IEEE Access (Jan 2025)
Always Clear Days: Degradation Type and Severity Aware All-in-One Adverse Weather Removal
Abstract
All-in-one adverse weather removal is an emerging topic on image restoration, which aims to restore multiple weather degradations in a unified model, and the challenges are twofold. First, discover and handle the properties of the multi-domain in the target distribution formed by multiple weather conditions. Second, design efficient and effective operations for different degradations. To resolve this problem, most prior works focus on the multi-domain caused by different weather types. Inspired by inter&intra-domain adaptation literature, we observe that not only weather type but also weather severity introduce multi-domain within each weather type domain, which is ignored by previous methods and further limits their performance. To this end, we propose a degradation type and severity aware model, called UtilityIR, for blind all-in-one bad weather image restoration. To extract weather information from a single image, we propose a novel Marginal Quality Ranking Loss (MQRL) and utilize Contrastive Loss (CL) to guide weather severity and type extraction, and leverage a bag of novel techniques such as Multi-Head Cross Attention (MHCA) and Local-Global Adaptive Instance Normalization (LG-AdaIN) to efficiently restore spatial varying weather degradation.

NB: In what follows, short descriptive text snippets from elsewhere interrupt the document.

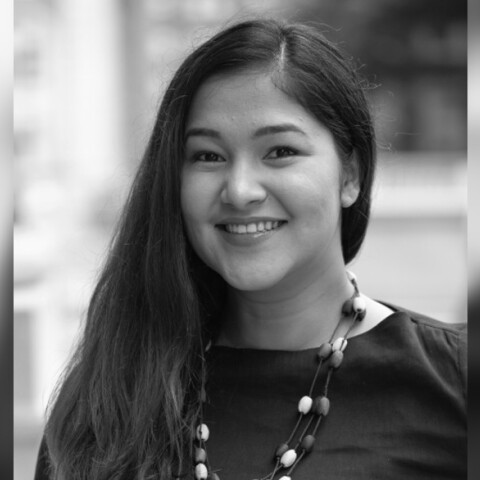 Η Wai Wai Nu, η Βιρμανή ακτιβίστρια και υπερασπίστρια της ελευθερίας και των ανθρωπίνων δικαιωμάτων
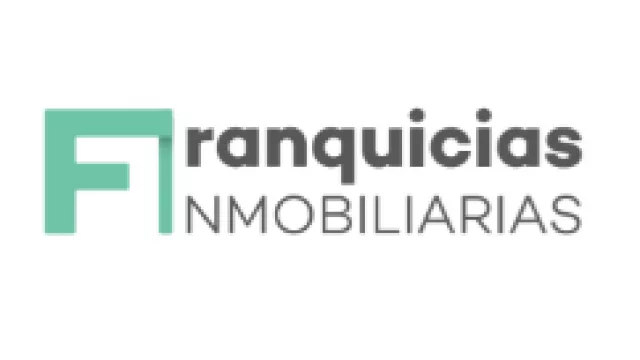 El 30 % de los nuevos franquiciados inmobiliarios procederá de la banca o los seguros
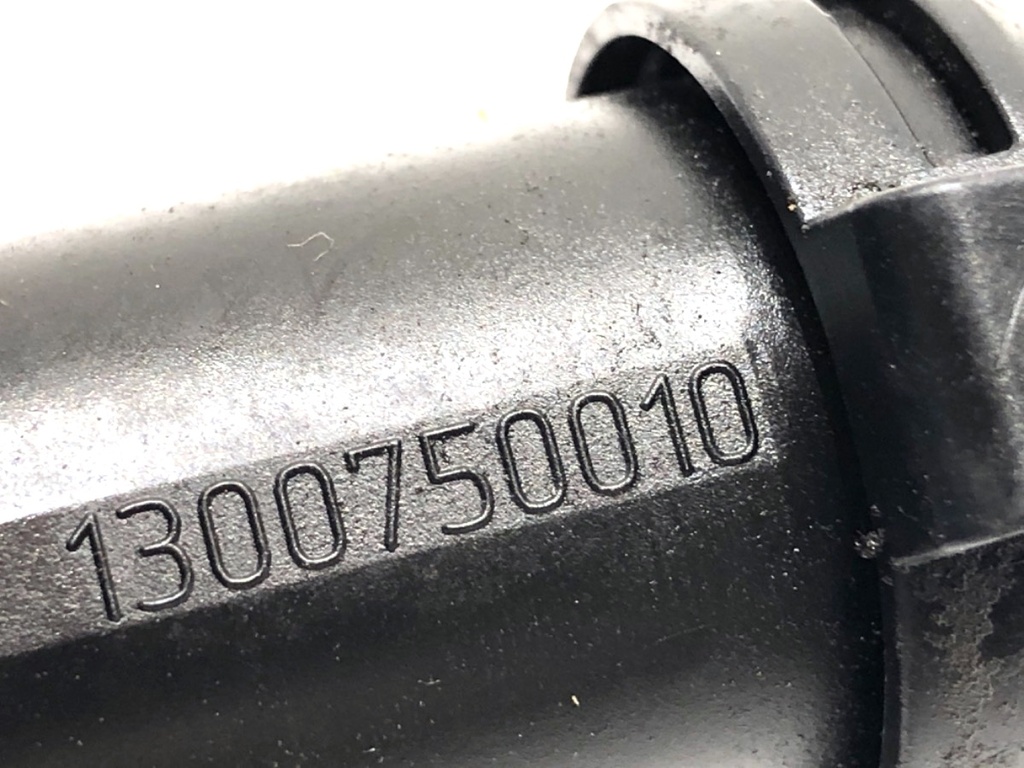STARK-751044-4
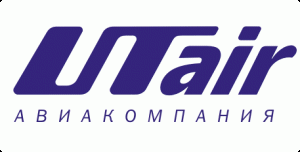 UTair Ukraine (ЮТэйр Украина)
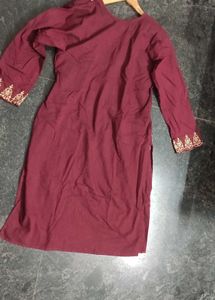 kashmiri suit set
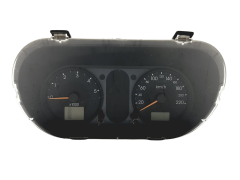 Tachometr Ford Fusion Fiesta 2S6F-10849-NF 57754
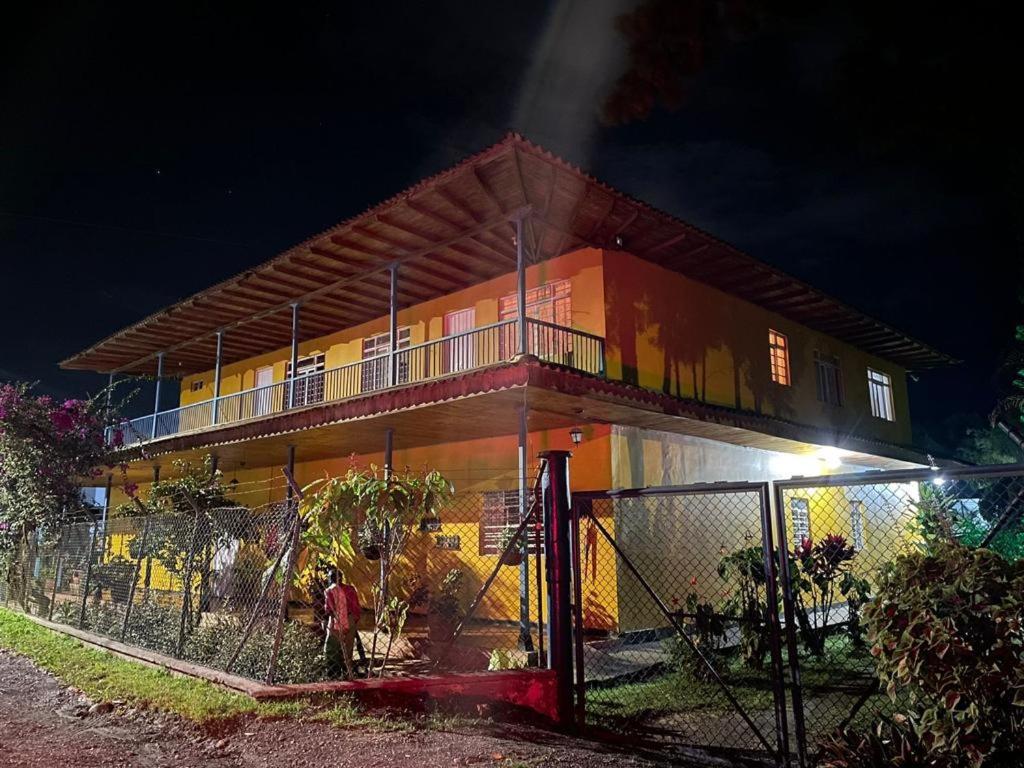 Campestre Araucarias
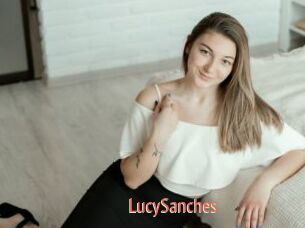 LucySanches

The proposed method can outperform the state-of-the-art methods subjectively and objectively on different weather removal tasks with a large margin, and enjoy fewer model parameters. The proposed method can even restore previously unseen combined multiple degradation images, and modulate restoration level. Implementation code and pre-trained weights will be available at https://github.com/fordevoted/UtilityIR.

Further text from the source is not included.